Después de haber comido ayer el sapopez a la moda de rabada pontepedrina, y
recordar hoy el tatuaje pectoral del amoroso y apuesto Jaime, tocamos la
flauta del diario nihilista.
En una especie de puente sobre
turbulentas aguas, entramos, de pie y
descalzos, en un mundo lúgubre, habitado por dioses divinos. Lo sabemos, son hermanos que, con idéntica frivolidad, ríen y
lloran, lloran y ríen delante del
infortunio que mata el angustiado inmortal. Vistos los hunos y los otros por
opuesto lado, el foco localiza a
nosotros inmersos en ese vasto mundo de desastrados locos.
Alocadamente y sin
la mínima razón de valor, rabeamos la pluma para exponer las penas en profundos
riscos, lo hacemos con la pretensión leve de que se tornen indelebles en el
tiempo. La vida pasa rauda, frenética, se
esfuma como la espuma que no deja huella y el fierrogrifo seca, se apaga y
desaparece dejando muertas las causas que la produjeran.
Da vértigo y estremece
saber que Dios nos haya dejado dos opciones: vivir rodeado de demonios o morir
para adorarlo en la eternidad etérea del cielo, inestable y caprichoso como lo
muestra la condura de los escritos adorados.
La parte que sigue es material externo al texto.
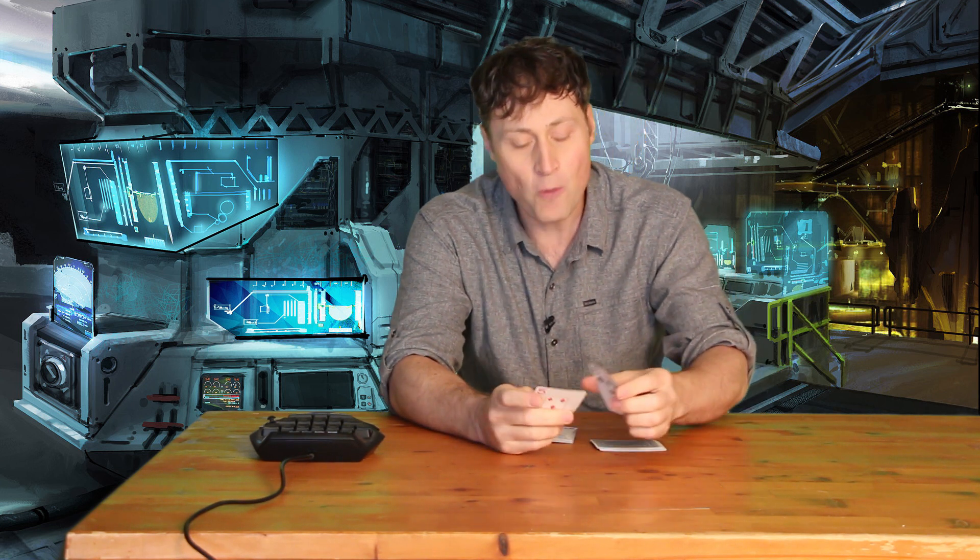Jax asked me about building card houses. He wants to know about building the best and most amazing card house. Now, Jax is a really good card house builder — I've seen some of the pictures he shared on my Facebook page. So hopefully I'll give you something new, Jax.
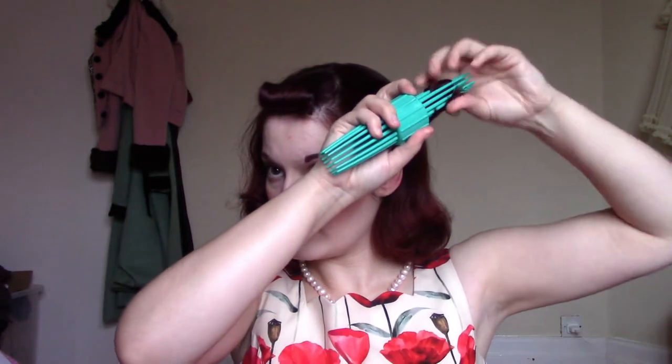Another really great way to wear this is to create two victory rolls. I'm just creating these with the same tool very quickly, by taking a large amount of hair, rolling it up, and pinning to the side of my head. This kind of provides you with that heart-shaped 1940s hairstyle look.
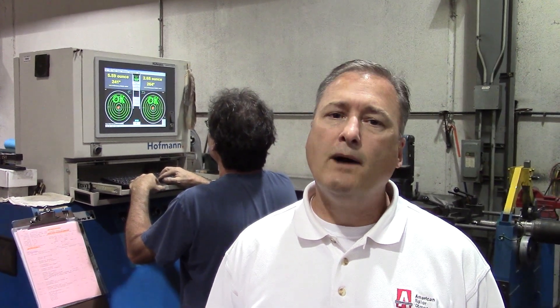We're now in our Rock Hill facility and we're in our balancing cell. Before we get started, I thought I'd answer a couple questions. Customers always ask us why it's important to have their rolls balanced. Having a well-balanced roll will help increase your product quality as well as increase your throughput.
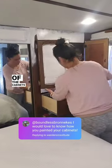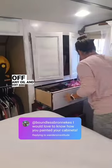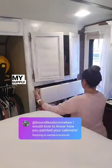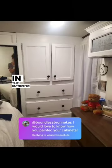I cleaned all the cabinets really well to get off any oil and dirt, and then I used a paint roller with a paint that had primer in it already. See my supply list and some details in the caption for more.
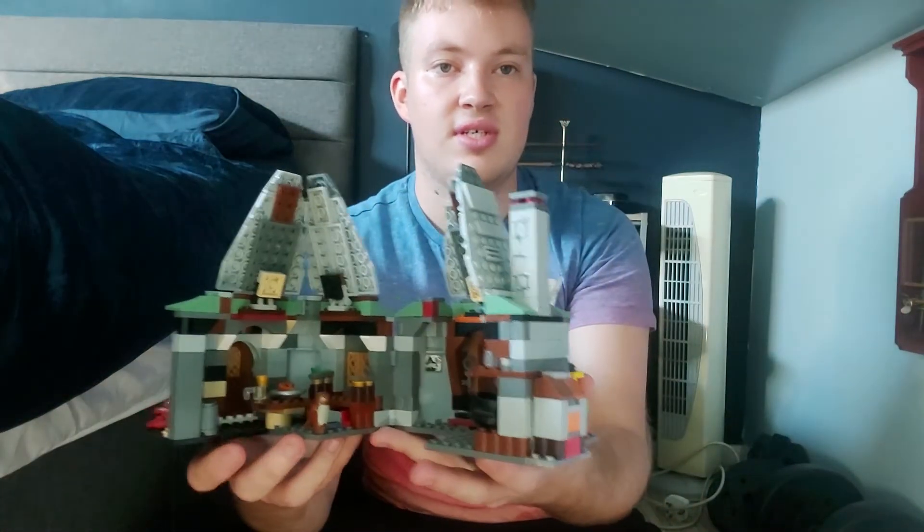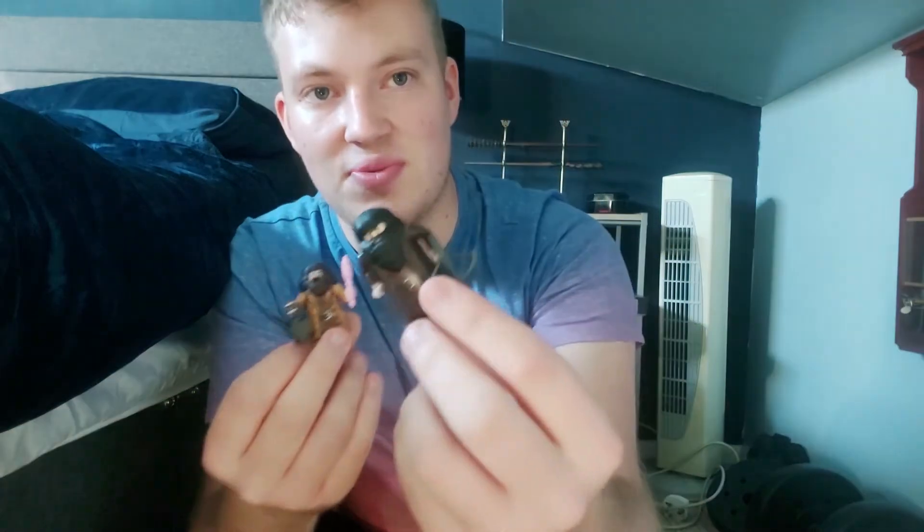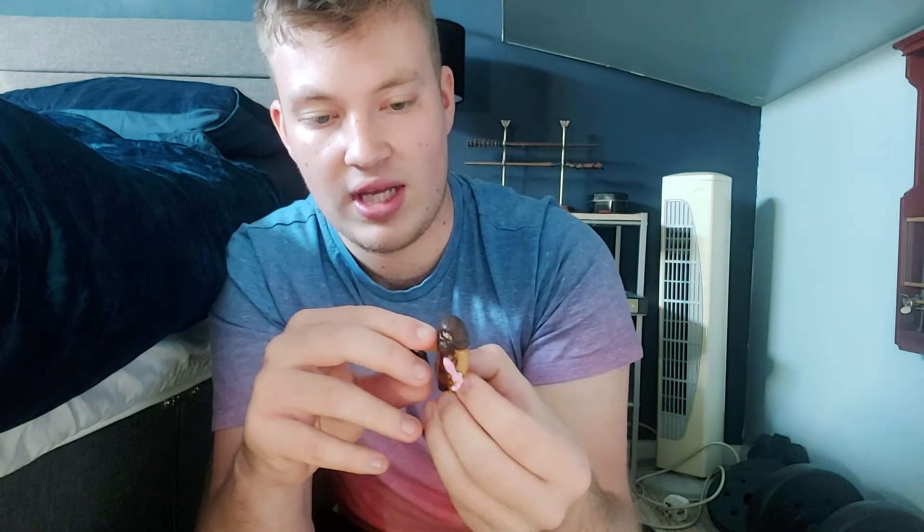Along with Hagrid's Hut, we have the Lego Dimensions version of Buckbeak to quickly show off, and also some little mini Lego Hagrid minifigures. There's the original one that comes with the Hagrid's Hut set — he's got the crossbow — and then we've got the newest Hagrid Lego minifigure with the little pink and black belly.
Quiero decir, sin que esto
constituya confesión, que la idea de dios está contenida en las oraciones que
lo definen: ser perfecto, principio y fin de todo que existe, ser
omniausente cuando su presencia es
requerida; omnipresente en la vida de quien de él se aprovecha; creador de todo
malo que en la Tierra se asienta y de una colección de bondades que a muchos
agradan, y de otras tantas bondades que a otros tantos tanto amenaza y a muchos enfurece.
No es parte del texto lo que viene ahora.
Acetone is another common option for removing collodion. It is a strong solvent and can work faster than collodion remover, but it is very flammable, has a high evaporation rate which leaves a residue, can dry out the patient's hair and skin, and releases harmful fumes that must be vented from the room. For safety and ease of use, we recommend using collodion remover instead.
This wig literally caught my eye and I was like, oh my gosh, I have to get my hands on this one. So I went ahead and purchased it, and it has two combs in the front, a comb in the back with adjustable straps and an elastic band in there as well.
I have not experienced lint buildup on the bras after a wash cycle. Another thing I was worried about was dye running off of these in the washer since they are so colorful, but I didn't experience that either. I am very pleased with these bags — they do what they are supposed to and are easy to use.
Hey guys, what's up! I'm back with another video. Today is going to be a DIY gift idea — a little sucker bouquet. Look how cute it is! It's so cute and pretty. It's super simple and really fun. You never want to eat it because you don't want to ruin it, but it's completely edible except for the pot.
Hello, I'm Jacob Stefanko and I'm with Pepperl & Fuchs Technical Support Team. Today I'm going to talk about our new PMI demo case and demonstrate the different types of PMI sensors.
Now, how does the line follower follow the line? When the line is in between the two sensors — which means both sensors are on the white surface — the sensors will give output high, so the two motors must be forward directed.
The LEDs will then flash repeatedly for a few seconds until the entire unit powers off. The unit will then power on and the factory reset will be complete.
Para obviar otras razones, ofrezco cara y
ojos a mis recuerdos y lloro el pasado para aliviar la secura en el valle de
las tensiones y desantenciones de los divinos que nos gobiernan. Cuando la
fuerza escapa, como lo hacían las angulas que yo pretendía segurar con mis
manos, y el último suspiro se aproxima, mi alma se anima con el encuentro
diario entre los amigos de la pluma feroz, a quienes ofrezco el sentimiento que sale de la canción de Charles Aznavour.
Ya
están aquí, llegaron ya a la llamada del amor, está
muriendo la mamá. Todos al fin, llegaron ya de todas
partes del país, desde el mayor hasta el menor, todos en
torno a la mamá. Y hasta los niños, al jugar en un extremo del
salón, se esfuerzan para no gritar. Es una última atención
a la mamá.
Todos se turnan en cuidarla, en atenderla y abrazarla, está muriendo la mamá. Santa María, madre de Dios, Nuestra Señora del Dolor, todos te rezan con fervor, y entonan el Ave María, Ave María. Tanto recuerdo y tanto amor alrededor de de la mamá. Tanto suspiro, tanto dolor alrededor de la mamá
Vuelve a formarse la reunión, y así, por la postrera vez, está muriendo la mamá. Y como un rito en la ocasión, se pasan una y otra vez el jarro con sabor a pez, que beben con moderación, es claro que no hay pena, no hay tristeza, hay una gran resignación. Y mientras un hermano reza, el otro canta una canción a la mamá.
Todos se turnan en cuidarla, en atenderla y abrazarla, está muriendo la mamá. Santa María, madre de Dios, Nuestra Señora del Dolor, todos te rezan con fervor, y entonan el Ave María, Ave María. Tanto recuerdo y tanto amor alrededor de de la mamá. Tanto suspiro, tanto dolor alrededor de la mamá
Vuelve a formarse la reunión, y así, por la postrera vez, está muriendo la mamá. Y como un rito en la ocasión, se pasan una y otra vez el jarro con sabor a pez, que beben con moderación, es claro que no hay pena, no hay tristeza, hay una gran resignación. Y mientras un hermano reza, el otro canta una canción a la mamá.
Y las mujeres se
han reunido en torno a la hermana mayor, está muriendo la mamá.
Un cirio medio consumido ante la imagen del Señor, con un rosario
renegrido repitan todos la oración, Ave María. Tanto
recuerdo y tanto amor alrededor de la mamá. Tanto suspiro,
tanto dolor alrededor de la mamá, que jamás, jamás, jamás, jamás nos dejará!